-- Activity --
With the pictures left out, retype exactly the lines below starting at the line that contains "Image of Massey" and ending at the line that contains "Jogadores do Flamengo".

-- Source records --

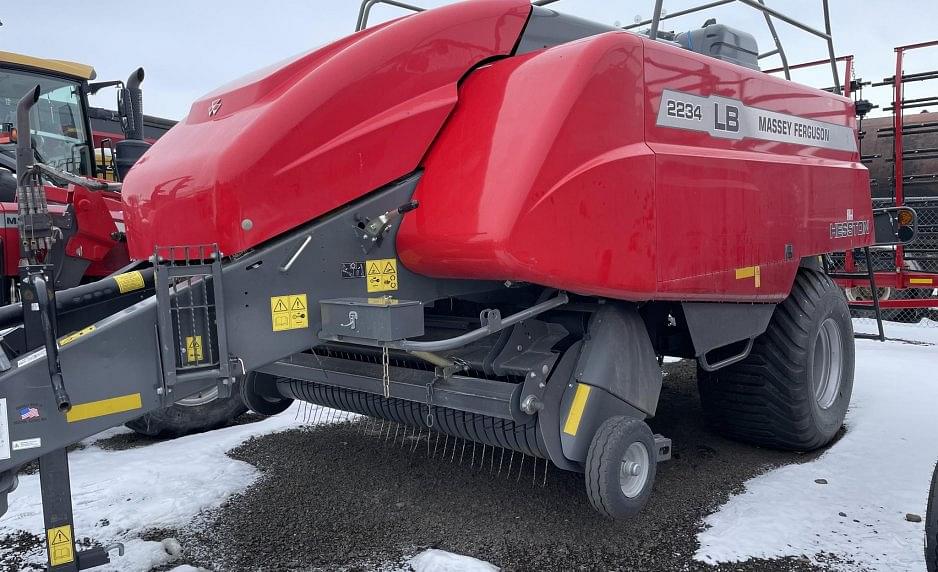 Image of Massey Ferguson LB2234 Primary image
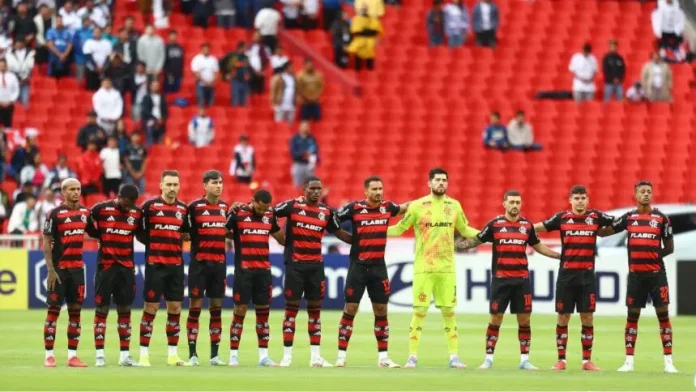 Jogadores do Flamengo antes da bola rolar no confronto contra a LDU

==

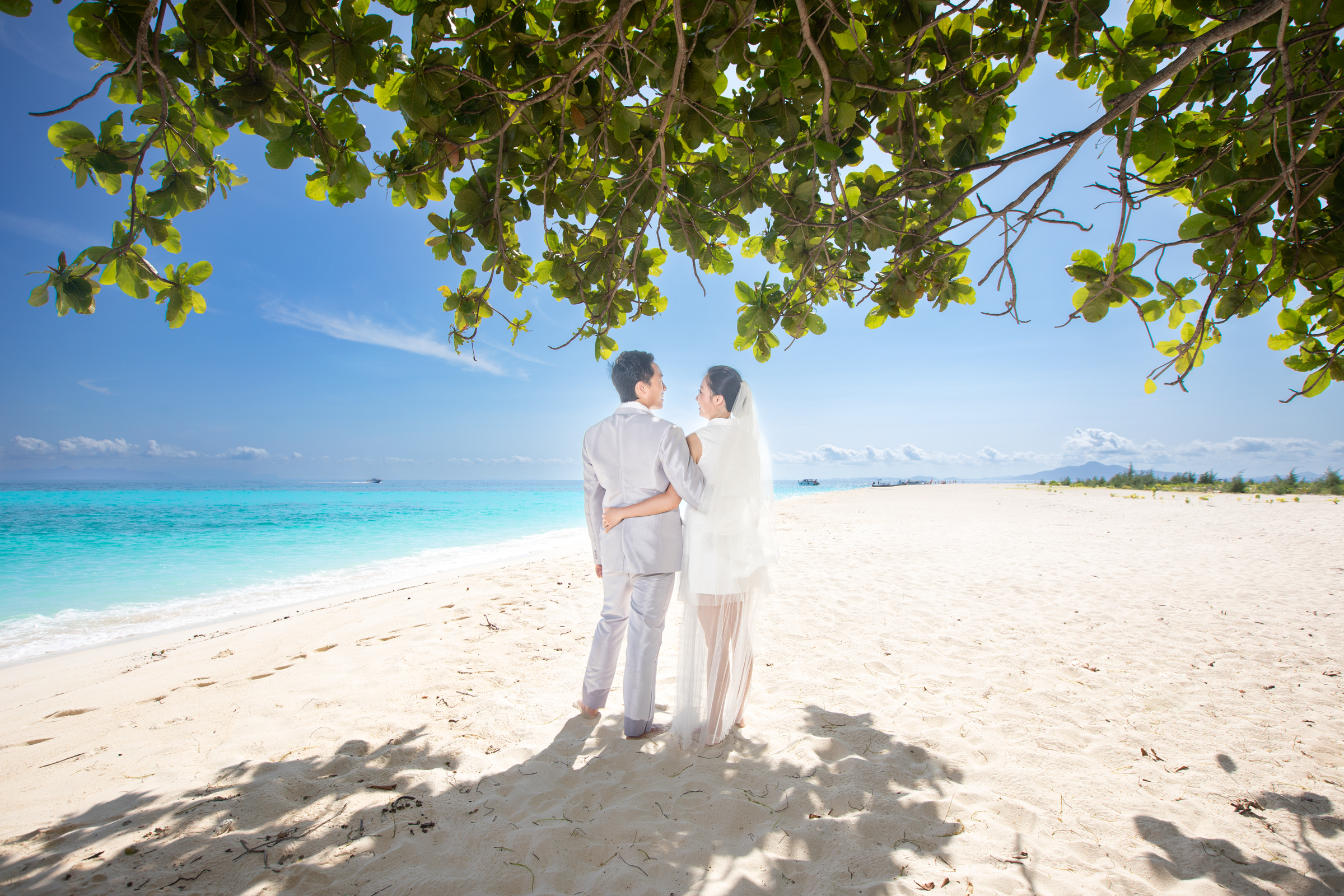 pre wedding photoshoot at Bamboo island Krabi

-- Answer to this problem --
 Image of Massey Ferguson LB2234 Primary image
 Jogadores do Flamengo antes da bola rolar no confronto contra a LDU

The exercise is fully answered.